▸ What you will do
Transcribe the data that follows in full. Leave out the pictures.

▸ Dataset content

-- Opening Marker --

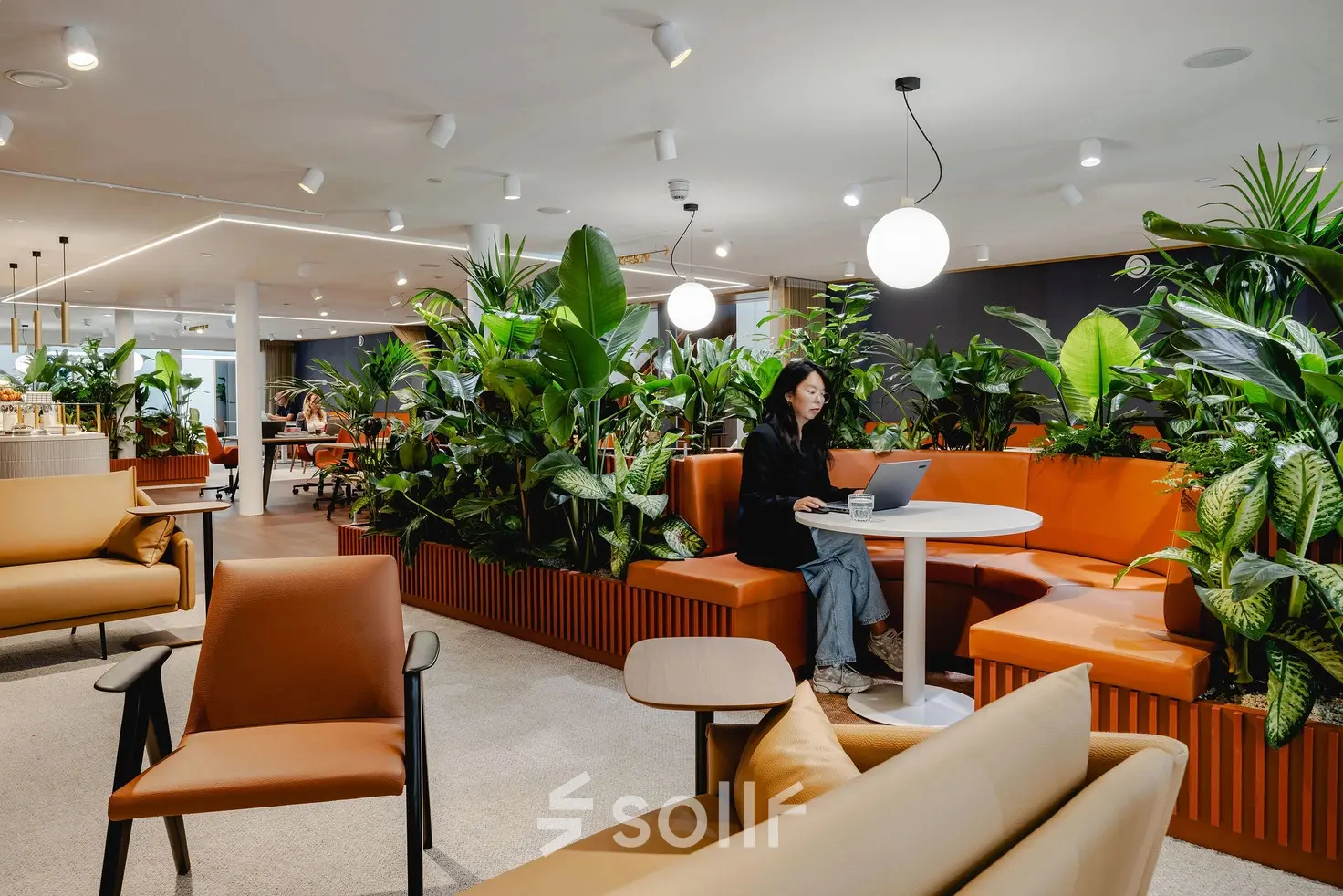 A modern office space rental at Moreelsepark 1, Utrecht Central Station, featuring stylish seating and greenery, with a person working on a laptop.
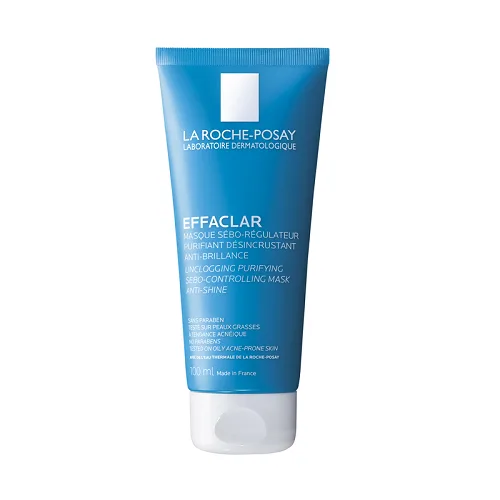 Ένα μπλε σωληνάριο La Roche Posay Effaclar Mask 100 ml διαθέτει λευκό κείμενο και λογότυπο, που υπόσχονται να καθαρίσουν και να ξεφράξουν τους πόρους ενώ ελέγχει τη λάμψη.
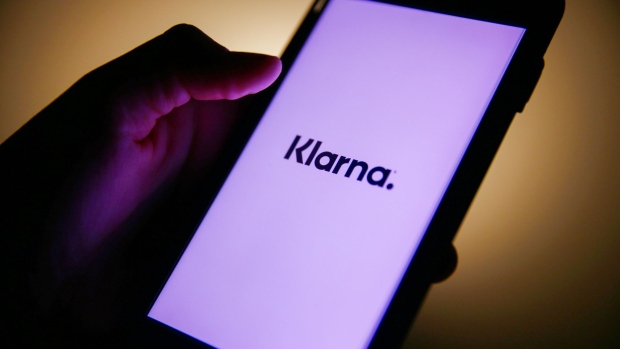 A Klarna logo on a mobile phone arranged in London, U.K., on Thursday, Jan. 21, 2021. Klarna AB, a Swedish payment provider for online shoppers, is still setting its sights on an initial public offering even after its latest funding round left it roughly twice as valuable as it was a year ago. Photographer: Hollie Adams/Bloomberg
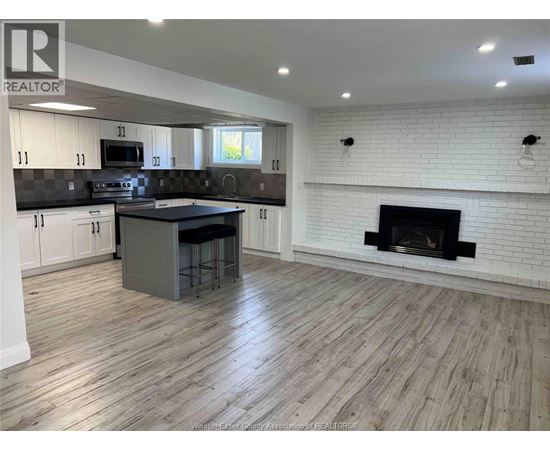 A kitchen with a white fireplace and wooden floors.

-- Closing Marker --

▸ Problem solution
 A modern office space rental at Moreelsepark 1, Utrecht Central Station, featuring stylish seating and greenery, with a person working on a laptop.
 Ένα μπλε σωληνάριο La Roche Posay Effaclar Mask 100 ml διαθέτει λευκό κείμενο και λογότυπο, που υπόσχονται να καθαρίσουν και να ξεφράξουν τους πόρους ενώ ελέγχει τη λάμψη.
 A Klarna logo on a mobile phone arranged in London, U.K., on Thursday, Jan. 21, 2021. Klarna AB, a Swedish payment provider for online shoppers, is still setting its sights on an initial public offering even after its latest funding round left it roughly twice as valuable as it was a year ago. Photographer: Hollie Adams/Bloomberg
 A kitchen with a white fireplace and wooden floors.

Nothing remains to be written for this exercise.